Results and discussion

The most important strategy of pharmaceutical industry to overcome its productivity crisis in drug discovery is to focus on the molecular properties of absorption, distribution, metabolism and excretion (ADME). Nowadays, machine learning based approaches have been becoming a very popular choice to predict ADME properties of drug molecules. Here, in order to demonstrate the practicability and reliability of ChemSAR, we studied the Caco-2 Cell permeability using dataset from our previous publication [12] . All the compounds were divided into two classes according to the Caco-2 permeability cutoff value [12]. Then, we obtain a dataset of 1561 molecules containing 528 positive samples and 1033 negative samples. A detailed workflow of building the permeability models is shown in Fig. 3.
Fig. 3

The workflow of building Caco-2 Cell permeability models

Firstly, through the structure preprocessing step (Standardization of molecules) using the default parameters, 1561 molecules were left. The random training set split tool (set test size for the data: 0.2) was then used to split the training set and test set. After this, a training set of 1249 samples (423 positive samples and 826 negative samples) and a test set of 312 samples (105 positive samples and 207 negative samples) were obtained.
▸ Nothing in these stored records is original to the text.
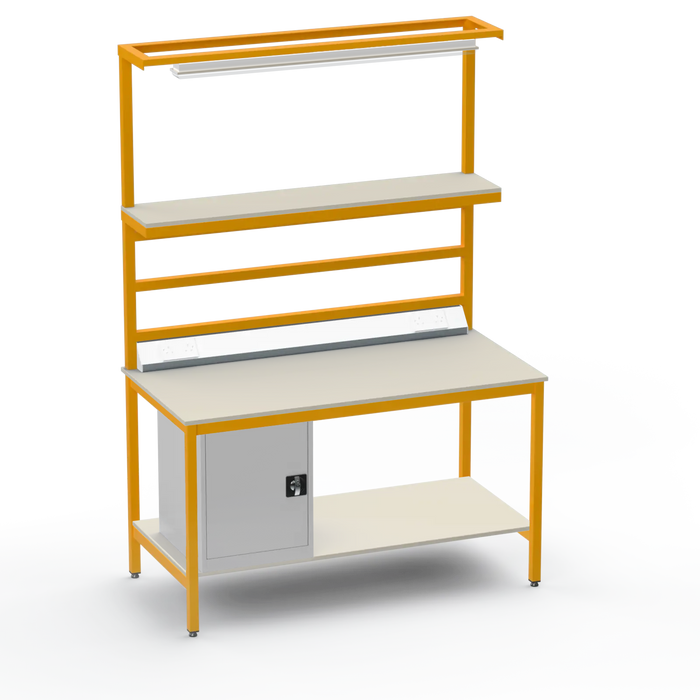 Electronics ESD Workbench | Anti-Static Worktop | Cupboard & Upper & Lower Shelves & Lighting & Electrical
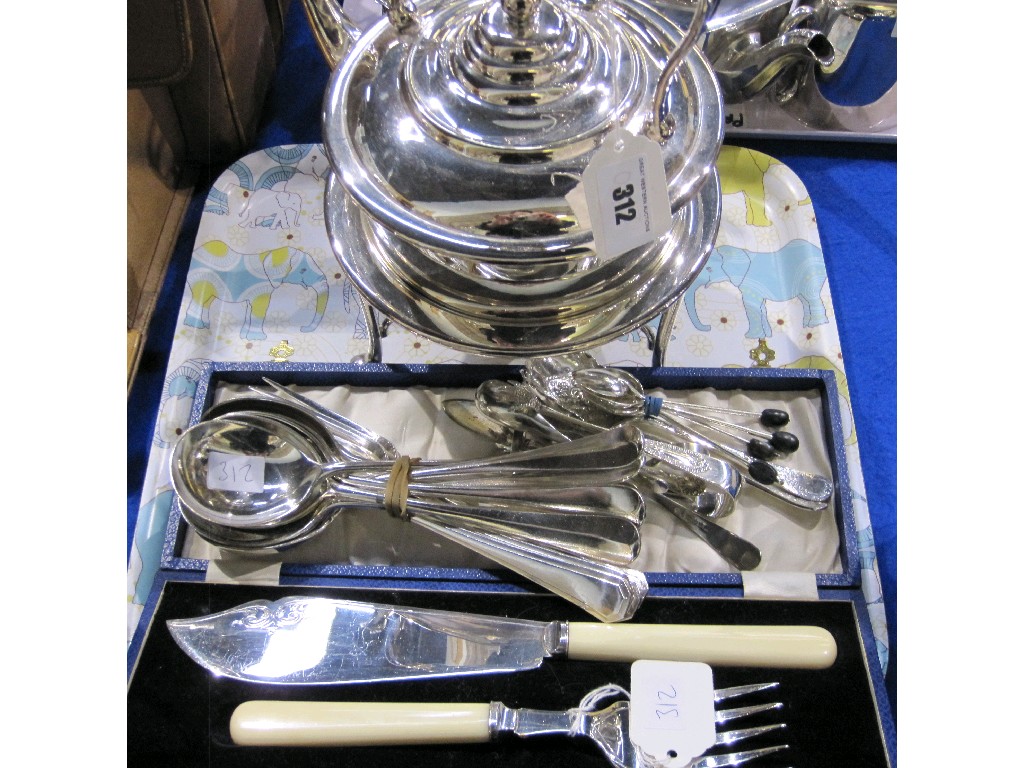 Appraisal: Tray lot of EP - spirit kettle server and loose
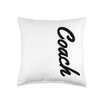 Team Player Coach White Vertical Logo Throw Pillow, 16x16, Multicolor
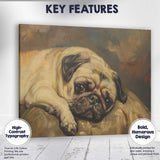 Sleepy Pug Dog Portrait Warm Neutral Toned Animal Painting Canvas Wall Art Print Decor Picture Ready to Hang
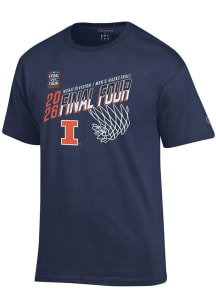 Champion Illinois Fighting Illini Navy Blue MBB Final Four 2026 Jersey Short Sleeve T Shirt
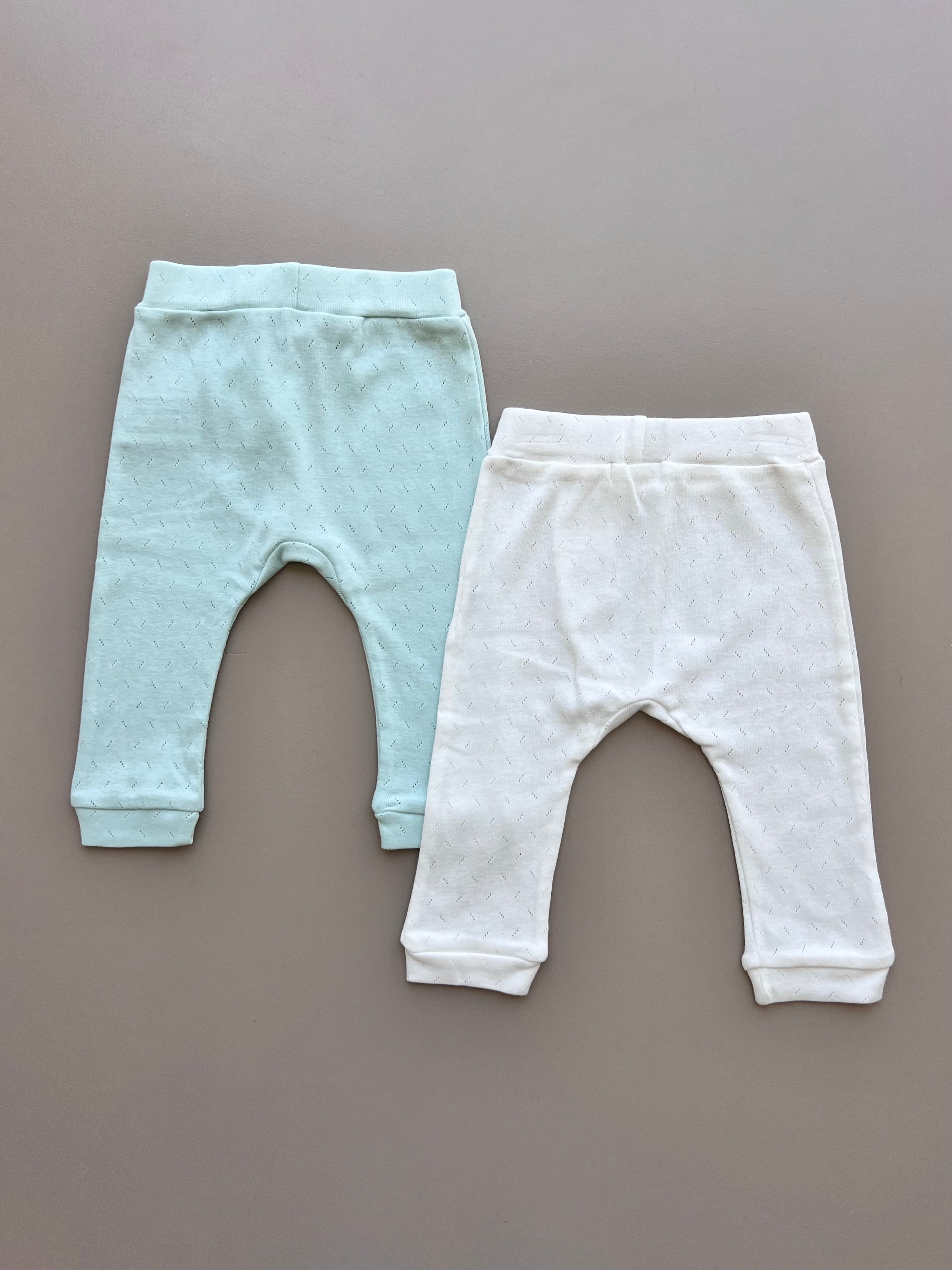 Mint Green And White Organic Cotton Pants Pack Of 2 Pieces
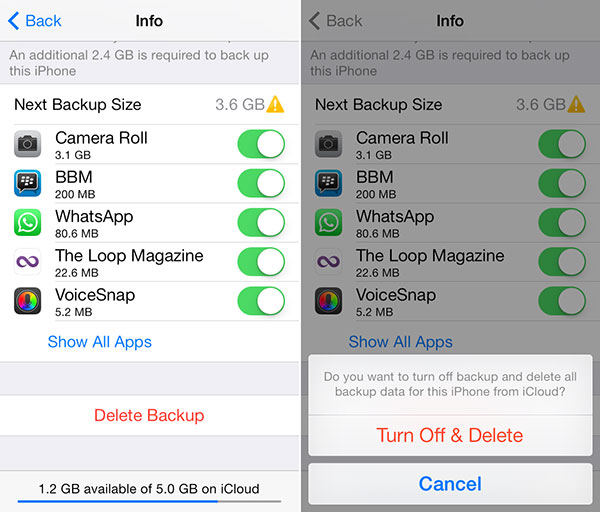Disattiva i file di backup di iCloud
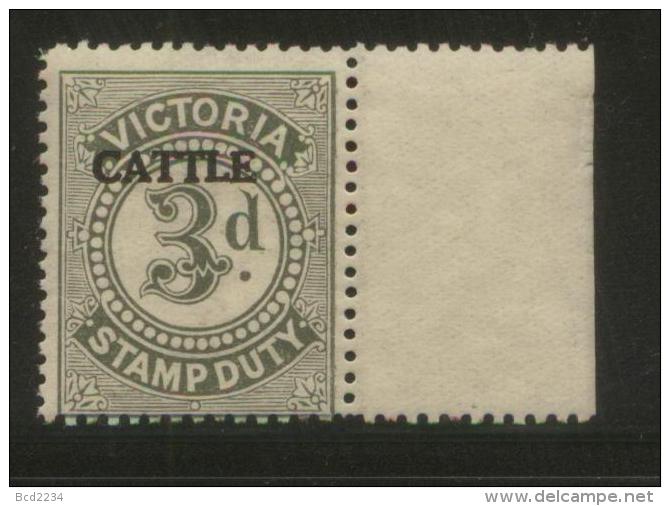 AUSTRALIA VICTORIA CATTLE  REVENUE 1927 3D GREEN MARGINAL COPY NHM  BF#02 - Revenue Stamps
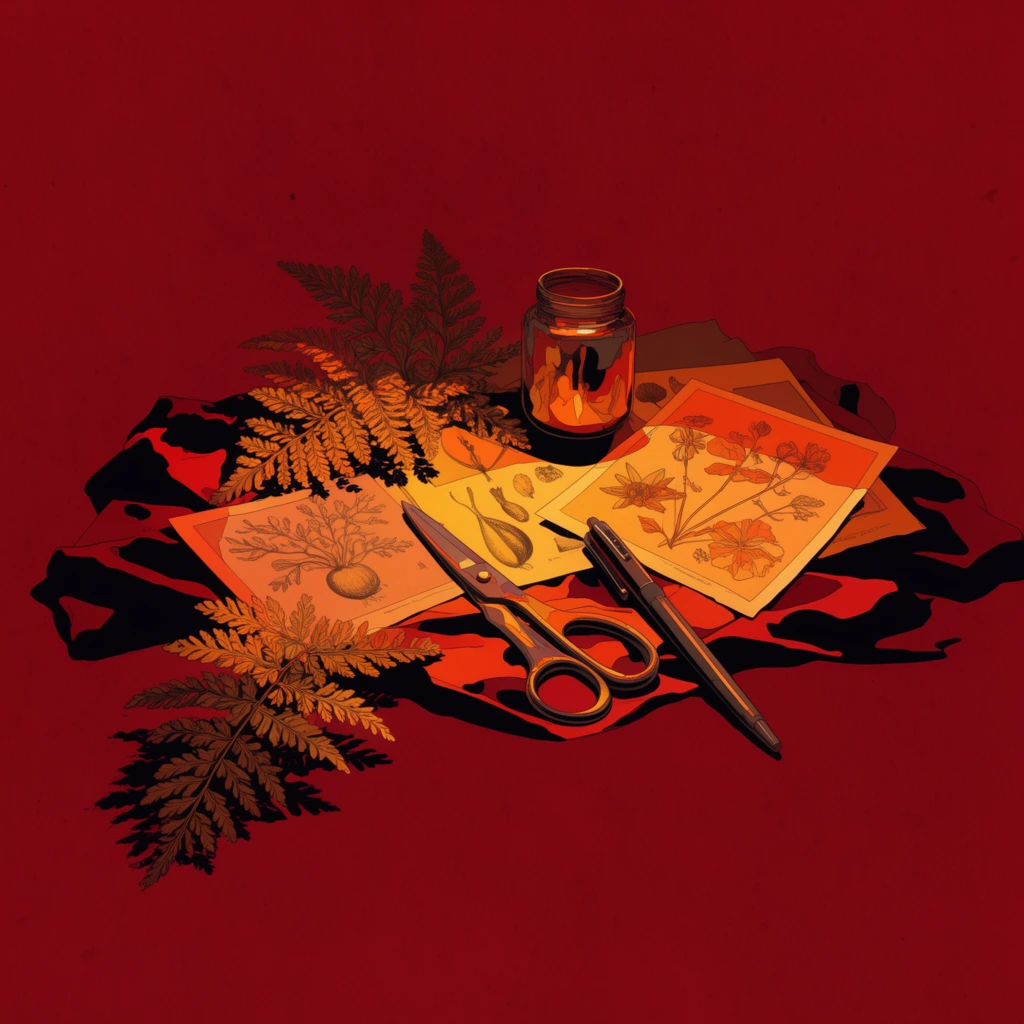 Several botanical prints, two ferns, a pair of scissors, a glass jar, and a pen rest on draped fabric, rendered in a striking 2D graphic illustration style dominated by a flat, deep crimson background. The still life is illuminated by a highly localized, dramatic light source casting vibrant warm orange and golden-yellow highlights across the objects. Sharp, solid black cell-shaded shadows pool heavily across the fabric and beneath the items in jagged, ink-like masses. Delicate, precise line art outlines the intricate leaves of the ferns, the metallic blades of the scissors, the reflective curves of the jar, the structured pen, and the detailed botanical illustrations on the prints. Vast negative space in the subtly textured blood-red background surrounds the central composition, emphasizing a stark, high-contrast chiaroscuro effect. The visual treatment uses flat, solid color blocking with abrupt, crisp transitions between the glowing warm midtones and the absolute black recesses, creating an intense, moody, and highly stylized aesthetic.
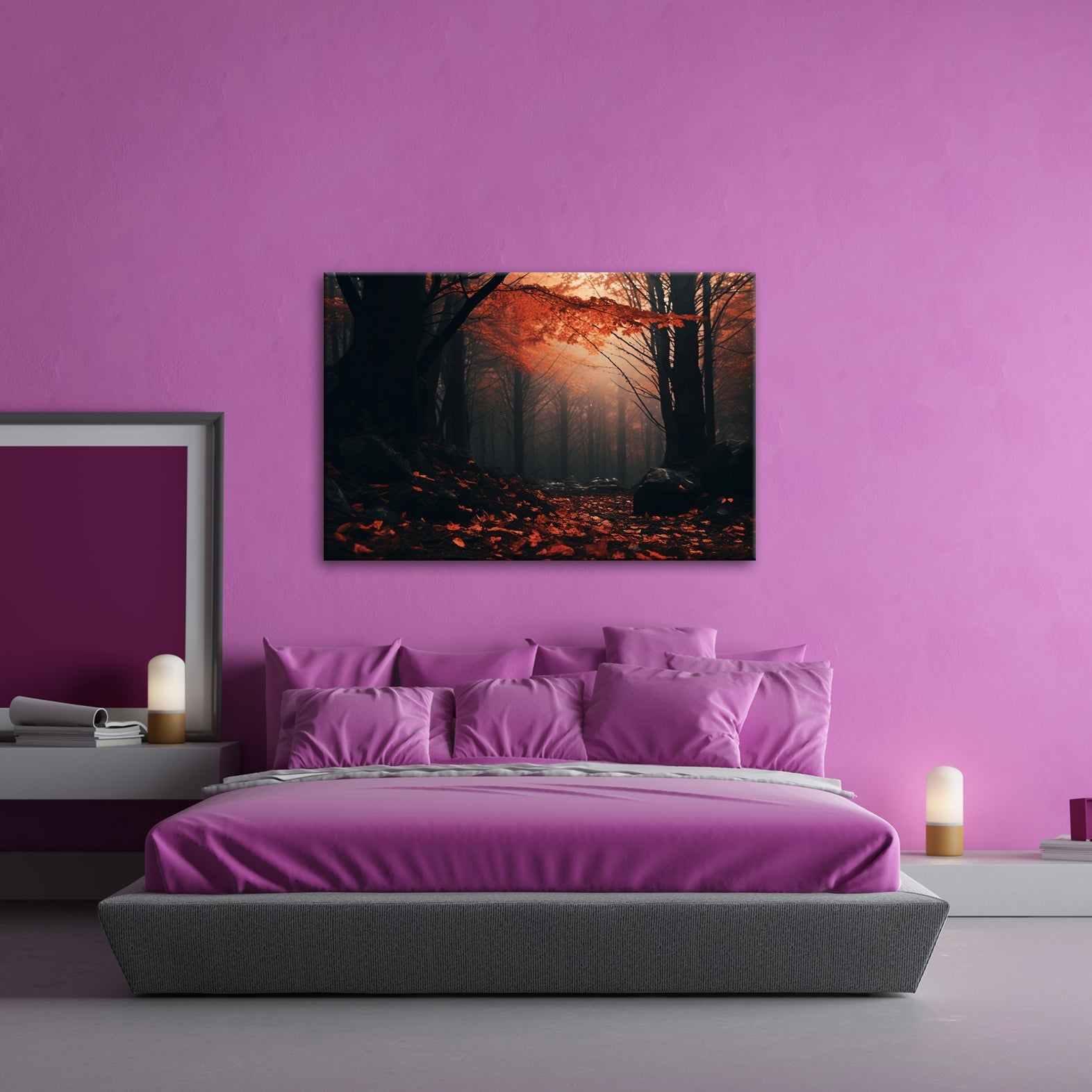 Leinwandbild Herbstwald XXL – Nebel & Leuchtendes Laub Naturmotiv - deyoli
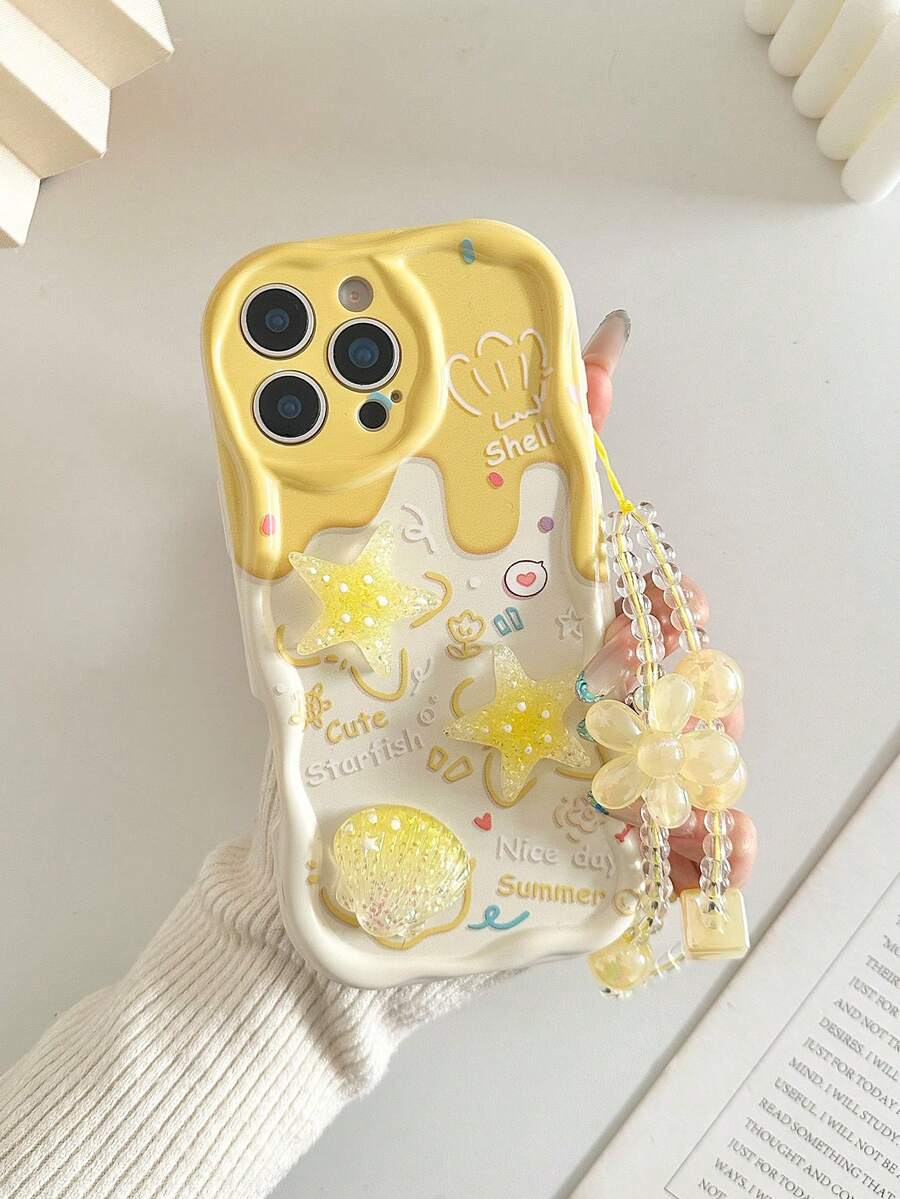 Phụ kiện dán hình sao biển hoạt hình đại dương thủ công, màu be, họa tiết sóng biển, viền in, kèm dây đeo bổ sung, tương thích với iPhone 17/17 Pro/17 Pro Max, 16/16 Pro Max, 15, 14, XR/7/8, 15 Pro Max, 13, 14, 11, ốp lưng mềm chống rơi P12, ốp lưng XS, phiên bản quốc tế, không phải phiên bản nội địa. - Nhiều màu - Xem 1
In the feature calculation step, 203 descriptor were calculated including 30 constitution descriptors, 44 connectivity indices, 7 kappa indices, 32 Moran auto-correction descriptors, 5 molecular properties, 25 charge descriptors and 60 MOE-Type descriptors. Four filtering steps in data preprocessing were then performed: (1) missing values were imputed with the default parameters, and (2) descriptors with zero variance or near zero variance were removed with a cut-off value of 0.05, and (3) one of two highly correlated descriptors were randomly removed with a cut-off value of 0.95, and (4) perform the tree-based feature selection (n_estimators: 500, max_features: auto, threshold: mean). After these steps, 43 features were selected to build the model.

To test every module of ChemSAR and to build a model with high prediction performance, we employed five methods (RF, SVM, k-NN, NB, DT) to build classification models. In model selection, the parameters for each learning method were optimized using grid search strategy (The best parameters set for RF: {‘cv’: 5, ‘max_features’: 9, ‘n_estimators’: 500}; SVM: {‘kernel’: ‘rbf’, ‘C’: 2, ‘gamma’: 0.125}; k-NN: {n_neighbors: 5}; NB: {‘classifier’: ‘GaussianNB’}.) Then, a robust model was established with a 5-fold cross validation again. Each of the modelling processes will be repeated 10 times and then the statistical results will be reported as “mean ± variance”. Additionally, to test the fingerprints module and to make a further comparison, we also calculated five kinds of fingerprints and then built corresponding models. The model performance was displayed in Additional file 2: Fig. S1 and Additional file 2: Table S1. From the results, we can find that RF using 2D descriptors performs best: {Accuracy: 87.3±0.3, Sensitivity: 80±0.6, Specificity: 91.1 ± 0.3, MCC: 71.5 ± 0.6, AUC: 92.9 ± 0.3} for training set and {Accuracy: 85.3, Sensitivity: 77.1, Specificity: 89.4, MCC: 66.8, AUC: 89.9} for test set. Consequently, the RF method is more suitable for building a classification model for this dataset and the 2D descriptors can characterize molecules of this dataset more adequately. Clearly, by using the modelling module in ChemSAR, one could conveniently construct different algorithm models for one dataset and then makes a comprehensive comparison and further analysis to identify the best prediction model for the current problem.

To further evaluate the prediction ability of our models, we compared our prediction results with the published models in recent papers. The latest report was in 2013 [76], the authors built a model using DT method with 1289 compounds which could accurately predict 78.4/76.1/79.1% of H/M/L compounds on the training set and 78.6/71.1/77.6% on the test set. In 2011 [77], Pham et al. built a model using linear discriminant analysis (LDA) method with 674 molecules which reported results: MCC = 0.62, Accuracy = 81.56% (training set), Accuracy = 83.94% (test set). Compared with the two models above, our model has an almost comparative or better performance. Obviously, ChemSAR has the capacity to obtain the reliable and robust classification model for the evaluation of Caco-2 Cell permeability.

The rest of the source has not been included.